President Emmanuel Macron kicked Sunday's events off with a review of the troops.

Military bands and choirs played an important role, performing a medley of French military songs, American jazz tunes, a Scottish bagpipe ballad - and the Marseillaise.

Around 130,000 police are deployed around France for the holiday weekend.

The parade wrapped up with the arrival of the flame, escorted by riders on horseback, 25 torchbearers, and cadets dressed in the five Olympic colours forming the shapes of the five interlocking Olympic rings.

The first torchbearer was Col.

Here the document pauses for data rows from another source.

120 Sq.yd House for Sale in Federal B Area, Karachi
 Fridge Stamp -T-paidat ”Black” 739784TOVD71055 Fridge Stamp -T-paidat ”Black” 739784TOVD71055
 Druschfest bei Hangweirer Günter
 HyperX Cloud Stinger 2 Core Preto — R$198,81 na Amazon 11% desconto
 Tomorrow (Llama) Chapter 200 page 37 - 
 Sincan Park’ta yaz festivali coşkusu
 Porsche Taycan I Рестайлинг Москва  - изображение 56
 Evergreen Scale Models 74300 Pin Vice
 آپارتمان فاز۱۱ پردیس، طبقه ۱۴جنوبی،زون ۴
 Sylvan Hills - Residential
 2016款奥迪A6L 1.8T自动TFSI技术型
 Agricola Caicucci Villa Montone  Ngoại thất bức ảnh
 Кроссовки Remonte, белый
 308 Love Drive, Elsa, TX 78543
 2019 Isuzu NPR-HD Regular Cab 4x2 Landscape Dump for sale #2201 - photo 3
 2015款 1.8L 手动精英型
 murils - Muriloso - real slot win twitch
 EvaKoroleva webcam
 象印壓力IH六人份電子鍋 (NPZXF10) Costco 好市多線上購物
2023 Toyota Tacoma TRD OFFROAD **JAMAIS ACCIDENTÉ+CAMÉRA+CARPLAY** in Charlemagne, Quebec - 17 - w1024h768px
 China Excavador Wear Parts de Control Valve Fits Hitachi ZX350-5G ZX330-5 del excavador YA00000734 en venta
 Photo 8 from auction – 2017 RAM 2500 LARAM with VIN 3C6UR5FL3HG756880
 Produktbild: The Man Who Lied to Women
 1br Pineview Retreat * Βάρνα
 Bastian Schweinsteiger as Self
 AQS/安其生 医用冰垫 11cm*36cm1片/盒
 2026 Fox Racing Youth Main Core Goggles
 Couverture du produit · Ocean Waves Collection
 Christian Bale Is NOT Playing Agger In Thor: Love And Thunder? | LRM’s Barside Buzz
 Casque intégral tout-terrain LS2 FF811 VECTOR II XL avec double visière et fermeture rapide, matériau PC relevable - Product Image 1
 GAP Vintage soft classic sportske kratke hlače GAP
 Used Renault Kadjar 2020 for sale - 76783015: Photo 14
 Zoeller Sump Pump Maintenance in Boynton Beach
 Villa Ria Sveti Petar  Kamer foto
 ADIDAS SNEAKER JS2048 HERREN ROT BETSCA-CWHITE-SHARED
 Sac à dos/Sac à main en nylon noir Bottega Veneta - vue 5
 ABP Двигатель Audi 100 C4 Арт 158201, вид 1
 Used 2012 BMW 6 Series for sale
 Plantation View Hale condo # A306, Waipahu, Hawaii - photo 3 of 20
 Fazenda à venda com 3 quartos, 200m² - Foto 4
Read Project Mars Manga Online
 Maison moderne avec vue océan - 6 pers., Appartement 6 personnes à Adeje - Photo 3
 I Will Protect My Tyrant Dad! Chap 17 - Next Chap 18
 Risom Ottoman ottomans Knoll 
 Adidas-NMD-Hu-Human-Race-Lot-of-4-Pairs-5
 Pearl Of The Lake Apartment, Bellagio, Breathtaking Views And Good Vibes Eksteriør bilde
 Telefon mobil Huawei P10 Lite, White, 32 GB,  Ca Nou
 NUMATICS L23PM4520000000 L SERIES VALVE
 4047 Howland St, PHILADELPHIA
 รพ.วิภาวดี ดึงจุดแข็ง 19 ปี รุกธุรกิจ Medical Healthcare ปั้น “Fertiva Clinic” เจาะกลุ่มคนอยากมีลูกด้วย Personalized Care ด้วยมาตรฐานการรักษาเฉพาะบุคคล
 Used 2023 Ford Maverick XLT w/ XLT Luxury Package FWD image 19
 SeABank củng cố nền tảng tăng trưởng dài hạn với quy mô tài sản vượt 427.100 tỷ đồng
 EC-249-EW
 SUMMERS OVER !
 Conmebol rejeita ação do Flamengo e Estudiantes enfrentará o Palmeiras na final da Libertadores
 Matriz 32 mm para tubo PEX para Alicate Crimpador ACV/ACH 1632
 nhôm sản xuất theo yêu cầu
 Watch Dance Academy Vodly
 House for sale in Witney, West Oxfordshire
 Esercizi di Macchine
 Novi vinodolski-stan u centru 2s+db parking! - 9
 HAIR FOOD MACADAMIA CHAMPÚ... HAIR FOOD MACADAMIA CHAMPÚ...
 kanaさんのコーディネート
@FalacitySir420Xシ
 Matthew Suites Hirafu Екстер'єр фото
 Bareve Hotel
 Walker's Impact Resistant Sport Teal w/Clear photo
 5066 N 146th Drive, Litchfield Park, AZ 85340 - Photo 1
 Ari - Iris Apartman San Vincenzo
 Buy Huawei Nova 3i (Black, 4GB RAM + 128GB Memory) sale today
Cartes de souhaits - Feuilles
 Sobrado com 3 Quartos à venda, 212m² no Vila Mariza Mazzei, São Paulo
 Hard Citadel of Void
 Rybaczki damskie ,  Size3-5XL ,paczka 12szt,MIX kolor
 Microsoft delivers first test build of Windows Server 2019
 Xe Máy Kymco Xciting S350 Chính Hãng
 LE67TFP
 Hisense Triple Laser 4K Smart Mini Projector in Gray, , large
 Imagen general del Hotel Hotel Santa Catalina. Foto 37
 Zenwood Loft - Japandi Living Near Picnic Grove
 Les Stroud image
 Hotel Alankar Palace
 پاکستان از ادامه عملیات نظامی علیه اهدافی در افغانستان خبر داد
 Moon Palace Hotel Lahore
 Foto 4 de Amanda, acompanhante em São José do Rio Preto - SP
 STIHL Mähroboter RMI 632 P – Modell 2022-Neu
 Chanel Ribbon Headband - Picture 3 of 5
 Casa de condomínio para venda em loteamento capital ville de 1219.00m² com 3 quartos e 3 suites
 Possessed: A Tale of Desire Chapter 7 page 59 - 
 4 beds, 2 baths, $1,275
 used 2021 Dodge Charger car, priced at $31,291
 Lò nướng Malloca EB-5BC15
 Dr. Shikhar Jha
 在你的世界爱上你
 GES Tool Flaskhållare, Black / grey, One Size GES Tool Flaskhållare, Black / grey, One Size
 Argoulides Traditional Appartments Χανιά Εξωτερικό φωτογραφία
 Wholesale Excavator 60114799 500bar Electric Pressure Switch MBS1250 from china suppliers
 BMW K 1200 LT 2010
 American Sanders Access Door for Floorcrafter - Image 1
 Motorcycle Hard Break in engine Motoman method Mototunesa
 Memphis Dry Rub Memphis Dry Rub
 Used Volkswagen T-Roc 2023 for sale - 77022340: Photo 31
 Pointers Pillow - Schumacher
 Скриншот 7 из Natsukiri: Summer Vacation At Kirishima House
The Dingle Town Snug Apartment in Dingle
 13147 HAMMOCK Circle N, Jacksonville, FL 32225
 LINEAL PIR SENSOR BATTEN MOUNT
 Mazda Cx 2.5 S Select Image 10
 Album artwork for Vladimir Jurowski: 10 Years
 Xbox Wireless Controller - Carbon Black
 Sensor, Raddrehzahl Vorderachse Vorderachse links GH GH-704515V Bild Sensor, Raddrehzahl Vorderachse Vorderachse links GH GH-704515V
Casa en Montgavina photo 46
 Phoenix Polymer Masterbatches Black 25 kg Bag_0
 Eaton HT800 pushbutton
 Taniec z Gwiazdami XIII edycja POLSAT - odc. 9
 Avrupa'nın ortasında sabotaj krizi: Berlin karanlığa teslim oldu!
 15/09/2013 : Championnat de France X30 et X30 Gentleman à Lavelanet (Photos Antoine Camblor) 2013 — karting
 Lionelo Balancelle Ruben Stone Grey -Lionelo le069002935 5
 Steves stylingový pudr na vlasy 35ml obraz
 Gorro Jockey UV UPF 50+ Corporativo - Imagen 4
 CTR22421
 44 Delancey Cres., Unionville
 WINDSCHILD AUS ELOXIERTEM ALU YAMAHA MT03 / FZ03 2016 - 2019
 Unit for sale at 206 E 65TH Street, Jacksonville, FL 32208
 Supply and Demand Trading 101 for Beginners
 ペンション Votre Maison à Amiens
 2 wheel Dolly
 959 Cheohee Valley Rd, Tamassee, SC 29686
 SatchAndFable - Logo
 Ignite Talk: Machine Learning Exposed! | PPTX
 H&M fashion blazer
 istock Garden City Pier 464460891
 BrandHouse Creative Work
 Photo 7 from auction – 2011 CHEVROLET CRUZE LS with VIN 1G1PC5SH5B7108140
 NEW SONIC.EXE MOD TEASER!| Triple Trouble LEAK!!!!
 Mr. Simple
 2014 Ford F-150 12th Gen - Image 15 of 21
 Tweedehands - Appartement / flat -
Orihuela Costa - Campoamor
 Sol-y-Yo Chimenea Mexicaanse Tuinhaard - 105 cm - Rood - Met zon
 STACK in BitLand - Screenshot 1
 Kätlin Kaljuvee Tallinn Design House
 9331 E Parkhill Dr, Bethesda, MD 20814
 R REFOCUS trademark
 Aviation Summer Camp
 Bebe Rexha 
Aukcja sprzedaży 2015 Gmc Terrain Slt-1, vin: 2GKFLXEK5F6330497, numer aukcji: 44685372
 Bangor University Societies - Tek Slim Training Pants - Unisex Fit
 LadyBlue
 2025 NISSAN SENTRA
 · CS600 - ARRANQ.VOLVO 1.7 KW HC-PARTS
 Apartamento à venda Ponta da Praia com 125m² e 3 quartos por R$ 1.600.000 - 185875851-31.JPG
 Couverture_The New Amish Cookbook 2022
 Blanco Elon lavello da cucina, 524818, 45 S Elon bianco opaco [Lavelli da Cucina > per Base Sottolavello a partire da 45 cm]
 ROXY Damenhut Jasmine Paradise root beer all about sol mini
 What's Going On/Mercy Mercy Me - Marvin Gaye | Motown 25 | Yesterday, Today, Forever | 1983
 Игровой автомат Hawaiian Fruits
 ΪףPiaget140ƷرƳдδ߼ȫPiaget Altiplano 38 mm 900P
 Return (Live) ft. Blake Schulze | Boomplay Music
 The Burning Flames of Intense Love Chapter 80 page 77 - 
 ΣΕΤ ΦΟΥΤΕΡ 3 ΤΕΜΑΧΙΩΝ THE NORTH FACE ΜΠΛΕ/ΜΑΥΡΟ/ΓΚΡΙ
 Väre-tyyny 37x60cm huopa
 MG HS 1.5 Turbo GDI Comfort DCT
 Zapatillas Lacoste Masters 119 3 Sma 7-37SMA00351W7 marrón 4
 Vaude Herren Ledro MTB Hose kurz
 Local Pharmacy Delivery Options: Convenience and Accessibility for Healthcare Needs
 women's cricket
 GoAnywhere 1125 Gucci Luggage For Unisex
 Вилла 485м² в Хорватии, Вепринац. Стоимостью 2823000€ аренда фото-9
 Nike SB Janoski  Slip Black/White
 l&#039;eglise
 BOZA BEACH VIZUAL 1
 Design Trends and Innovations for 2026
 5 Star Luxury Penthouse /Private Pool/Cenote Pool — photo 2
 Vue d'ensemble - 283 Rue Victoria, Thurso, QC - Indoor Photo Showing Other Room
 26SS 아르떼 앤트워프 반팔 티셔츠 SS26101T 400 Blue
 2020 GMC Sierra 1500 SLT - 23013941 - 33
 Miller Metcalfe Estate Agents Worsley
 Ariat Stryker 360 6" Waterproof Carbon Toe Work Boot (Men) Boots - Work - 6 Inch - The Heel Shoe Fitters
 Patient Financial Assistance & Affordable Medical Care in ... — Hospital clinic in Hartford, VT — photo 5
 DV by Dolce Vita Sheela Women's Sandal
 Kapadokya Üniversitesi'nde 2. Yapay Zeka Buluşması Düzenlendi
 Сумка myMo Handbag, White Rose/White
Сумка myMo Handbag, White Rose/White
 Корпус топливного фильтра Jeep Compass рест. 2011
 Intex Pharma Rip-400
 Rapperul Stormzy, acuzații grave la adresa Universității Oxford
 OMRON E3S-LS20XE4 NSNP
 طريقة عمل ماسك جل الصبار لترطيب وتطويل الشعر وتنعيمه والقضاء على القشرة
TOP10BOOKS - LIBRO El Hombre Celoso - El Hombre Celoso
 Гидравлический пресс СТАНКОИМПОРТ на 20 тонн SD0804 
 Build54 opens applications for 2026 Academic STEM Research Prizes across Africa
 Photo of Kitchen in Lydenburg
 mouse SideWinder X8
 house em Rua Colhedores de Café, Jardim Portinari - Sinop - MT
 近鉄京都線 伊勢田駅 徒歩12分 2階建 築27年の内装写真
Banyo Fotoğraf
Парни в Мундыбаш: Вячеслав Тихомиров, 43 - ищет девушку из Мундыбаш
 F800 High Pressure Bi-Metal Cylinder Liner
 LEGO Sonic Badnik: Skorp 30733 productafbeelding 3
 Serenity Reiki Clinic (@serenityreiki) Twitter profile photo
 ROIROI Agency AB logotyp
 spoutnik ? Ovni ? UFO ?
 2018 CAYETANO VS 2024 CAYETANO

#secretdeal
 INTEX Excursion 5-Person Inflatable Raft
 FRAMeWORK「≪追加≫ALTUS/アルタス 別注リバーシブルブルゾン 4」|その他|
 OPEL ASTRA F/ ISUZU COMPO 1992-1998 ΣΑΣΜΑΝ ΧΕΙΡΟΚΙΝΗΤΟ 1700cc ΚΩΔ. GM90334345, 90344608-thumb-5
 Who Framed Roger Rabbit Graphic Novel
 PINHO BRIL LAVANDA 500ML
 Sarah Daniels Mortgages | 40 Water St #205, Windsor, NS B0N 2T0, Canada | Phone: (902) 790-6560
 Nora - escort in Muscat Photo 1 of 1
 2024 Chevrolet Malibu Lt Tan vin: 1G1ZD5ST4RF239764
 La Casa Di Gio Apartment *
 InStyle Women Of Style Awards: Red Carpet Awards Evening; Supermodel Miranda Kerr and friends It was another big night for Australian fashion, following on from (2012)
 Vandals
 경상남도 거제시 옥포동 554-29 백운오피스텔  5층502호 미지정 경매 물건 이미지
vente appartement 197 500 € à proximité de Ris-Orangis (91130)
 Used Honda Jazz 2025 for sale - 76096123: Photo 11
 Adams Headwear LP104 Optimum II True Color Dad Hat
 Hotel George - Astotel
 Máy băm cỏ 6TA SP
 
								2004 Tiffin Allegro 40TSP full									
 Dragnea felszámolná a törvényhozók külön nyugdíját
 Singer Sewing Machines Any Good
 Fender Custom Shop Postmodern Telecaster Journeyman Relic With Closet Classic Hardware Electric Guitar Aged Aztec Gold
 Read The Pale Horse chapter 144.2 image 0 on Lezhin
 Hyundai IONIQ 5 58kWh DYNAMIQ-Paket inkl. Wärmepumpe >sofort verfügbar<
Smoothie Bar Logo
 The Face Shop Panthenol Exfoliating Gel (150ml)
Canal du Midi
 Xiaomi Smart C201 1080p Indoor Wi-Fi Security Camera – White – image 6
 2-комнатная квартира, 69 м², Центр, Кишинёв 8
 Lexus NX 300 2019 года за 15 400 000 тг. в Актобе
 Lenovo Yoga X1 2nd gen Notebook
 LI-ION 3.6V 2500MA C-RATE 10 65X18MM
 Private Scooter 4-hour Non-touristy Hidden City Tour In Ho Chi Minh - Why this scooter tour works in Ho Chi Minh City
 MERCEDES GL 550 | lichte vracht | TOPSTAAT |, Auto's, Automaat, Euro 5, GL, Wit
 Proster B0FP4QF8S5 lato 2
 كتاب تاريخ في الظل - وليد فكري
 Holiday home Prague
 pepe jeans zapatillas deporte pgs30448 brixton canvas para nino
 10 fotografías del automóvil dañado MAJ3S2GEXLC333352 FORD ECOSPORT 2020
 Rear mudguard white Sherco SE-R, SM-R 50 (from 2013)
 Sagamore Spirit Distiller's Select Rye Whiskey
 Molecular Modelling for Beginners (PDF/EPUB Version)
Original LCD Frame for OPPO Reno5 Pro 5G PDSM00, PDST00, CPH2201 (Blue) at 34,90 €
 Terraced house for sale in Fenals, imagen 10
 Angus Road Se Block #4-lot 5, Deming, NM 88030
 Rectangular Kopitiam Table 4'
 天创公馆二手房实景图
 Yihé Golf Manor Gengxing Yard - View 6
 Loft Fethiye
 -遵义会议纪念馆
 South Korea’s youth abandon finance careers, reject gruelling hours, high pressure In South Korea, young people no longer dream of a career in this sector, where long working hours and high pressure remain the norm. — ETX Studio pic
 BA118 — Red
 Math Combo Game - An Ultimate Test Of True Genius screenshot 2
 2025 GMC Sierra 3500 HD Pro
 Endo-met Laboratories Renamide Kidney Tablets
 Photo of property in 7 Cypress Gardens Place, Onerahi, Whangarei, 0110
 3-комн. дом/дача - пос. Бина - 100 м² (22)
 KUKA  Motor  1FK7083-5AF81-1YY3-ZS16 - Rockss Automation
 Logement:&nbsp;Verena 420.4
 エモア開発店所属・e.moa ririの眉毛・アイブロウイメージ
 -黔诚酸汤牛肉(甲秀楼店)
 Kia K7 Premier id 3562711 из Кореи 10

Thibault Vallette, equestrian gold medallist in the 2016 Rio Olympics, who passed it on to a group of young athletes as they passed it hand-to-hand in front of the presidential tribune.

Usually, the parade travels from the Napoleon-era Arc de Triomphe to the Concorde plaza, where France’s last king and queen were beheaded.

This year, Concorde has been transformed into a huge Olympic venue for breakdancing, skateboarding and BMX.

So the parade route headed to the Bois de Boulogne park on the city’s edge instead.

Olympic venue construction around the Eiffel Tower means spectators can’t gather beneath the monument to watch its annual fireworks show, either.

After its Bastille Day appearance, the torch relay will swing by Notre Dame Cathedral, the historic Sorbonne university and the Louvre Museum before heading to other Paris landmarks on Monday.

This year’s Bastille Day offered Macron a moment of distraction from the political turmoil he unleashed with snap elections that weakened his pro-business centrist party and his presidency.

The result left a deadlocked parliament with no one clearly in charge.

The prime minister could leave office within days, while the left-wing alliance that won the most seats is struggling to agree on a proposed replacement.